Les dirigeants inconstants, qui changent tout fréquemment sans prévenir, aggravent tous les problèmes. Ils produisent eux-mêmes le sentiment de menace qui pousse leur personnel à se rabattre sur des mécanismes cérébraux inférieurs. «Les employés qui arrivent au travail ont besoin d’un objectif clair, d’une direction sans ambiguïté sur ce qu’ils sont censés faire au mieux de leurs capacités», explique Michael Frisina.

Les leaders doivent par conséquent cultiver un sentiment de sécurité psychologique chez leurs employés. «Les réactions cérébrales des membres de l’équipe les amènent alors à se concentrer sur leur travail et à se dépasser. En revanche, lorsque le comportement d’un leader menace la sécurité psychologique de l’équipe, le cerveau de chacun se concentre sur la réponse à la menace, ce qui diminue les performances.»

Développer les bons réflexes

Michael Frisina est un fier tenant de l’approche socratique voulant que seule une réelle capacité d’autoréflexion soit en mesure d’aider les dirigeants à favoriser une culture organisationnelle conforme à la physiologie du système nerveux. «Un leadership efficace est le fruit de la combinaison de deux qualités : la conscience de soi et la gestion de soi», précise-t-il.

La conscience de soi commence par l’attention que chacun porte à ses propres comportements, ceux du cerveau supérieur et ceux du cerveau inférieur, selon les explications de l’auteur, qui n’hésite pas à donner ses propres réflexes en exemple. «J’ai appris à détecter les manifestations de mon cerveau inférieur. Quand je me sens menacé, je commence à faire de la microgestion, avoue-t-il. Cependant, j’ai suffisamment appris sur moi-même pour reconnaître la situation et me reprendre en main avec une attitude à la fois assertive et directive.»

Michael Frisina estime qu’un leadership inefficace se résume souvent à de mauvais choix de comportement. «La question ne tient ni au charisme ni à la personnalité, mais plutôt à la manière dont vous vous comportez, fait-il valoir. Lorsque vous entrez dans une salle de conférence, est-ce que c’est le feu d’artifice dans le cerveau supérieur de vos collaborateurs? Ou bien ceux-ci sont-ils écrasés par l’inquiétude, les doutes et l’anxiété? En tant que leader, c’est à vous d’agir de sorte que votre présence suscite la réaction appropriée dans leur cerveau.»

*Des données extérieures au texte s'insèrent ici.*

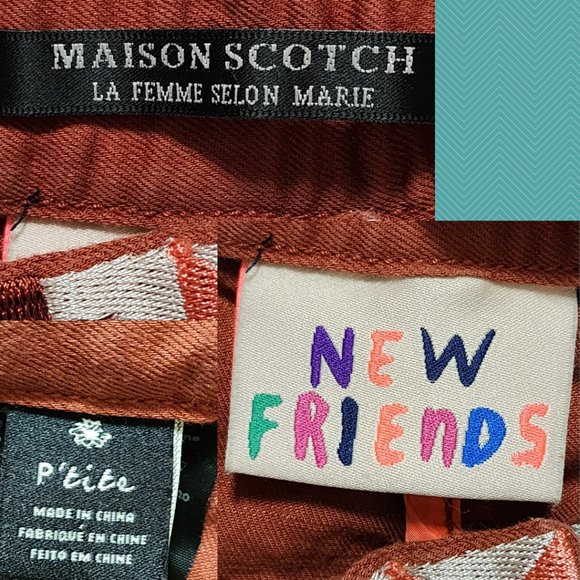 Maison Scotch Rust Orange Linen Blend High Rise Slim Pants - Picture 5 of 6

Le consultant souhaite ardemment que ses travaux contribuent à mettre fin à la «théorie du grand homme» prétendument doté de qualités hors du commun. «Ce mythe n’a aucun fondement scientifique! Votre personnalité est ce que vous êtes. Le comportement est ce que vous faites.»

Article publié dans l’édition Automne 2023 de Gestion


Note

[1] Frisina, M., Leading With Your Upper Brain : How to Create the Behaviors That Unlock Performance Excellence, Chicago, ACHE Management Series, 2023, 248 pages.